Dwight wrote:
I always thought is would be fun to make a variable
bit serial computer. Many operations only need a single bit
while the single bit ALU could operate on data, like
adding, one bit at a time and use any length one wanted.
Chuck Guzis wrote:
How about instead of bits, 4-bit digits (perhaps with
a programmable
switch between BCD and binary math)? I suspect that it wouldn't be
much more complicated than 1-bit serial design.
You've just described the architecture of the proprietary processors
used in Hewlett-Packard calculator models released between 1972 and 1999.
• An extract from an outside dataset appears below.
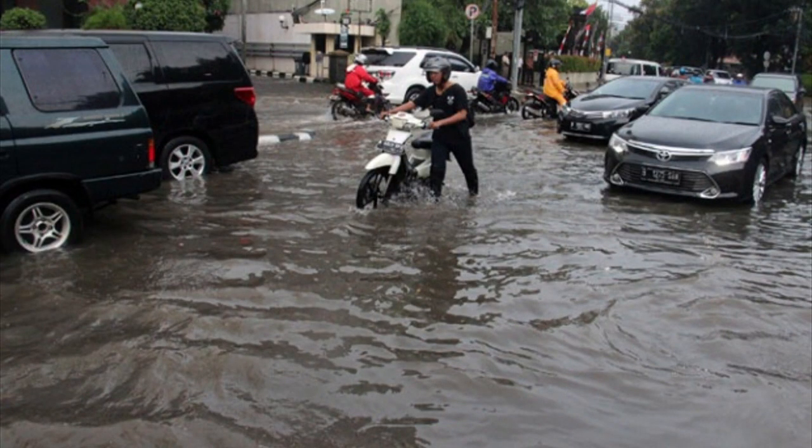Jakarta was built on swampy land, abutting the Java Sea, with 13 rivers running into it. For hundreds of years, flooding has been one of Jakarta's biggest problems. Flooding is a frequent occurrence in Jakarta, and it's getting worse.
There were four versions of the architecture that were bit-serial but
did arithmetic one decimal digit at a time, or four binary bits. The
word size was 48, 56, or 64 bits, and arithmetic operations could work
on any range of digits (or aligned four-bit binary groups) of a word.
Classic: 56-bit, BCD only, strict Harvard architecture (10-bit ROM
words in separate address space)
Woodstock/Spice/Topcat: 56-bit, selectable BCD/binary, strict Harvard
architecture, 10-bit ROM
Cricket: 48-bit, selectable BCD/binary, strict Harvard architecture,
10-bit ROM
Nut: 56-bit, BCD/binary, 10-bit ROM, but with instructions to read ROM
words as data (modified Harvard Architecture)
Saturn: 64-bit, nibble serial (rather than bit-serial), von Neuman
architecture (unified address space, instructions encoded in variable
length of consecutive 4-bit nibbles)
Starting in the 1990s, HP replaced the custom architecture(s) with
commercial microcontrollers and microprocessors, including the Hitachi
H8, SunPlus/GeneralPlus 6502 derivatives, Samsung S3C2410 ARM920T
(graphing calculators), and most recently the Atmel AT91SAM7L128 ARM7.
The graphing calculators still run a simulation of the Saturn
architecture for legacy code.
The use of the Atmel part in recent models (HP 12c, HP 20b, HP 30b) is
nice because it is a flash-based part, so you can write your own
replacement firmware for it, something that was not previously possible
in entry to midrange HP calculators.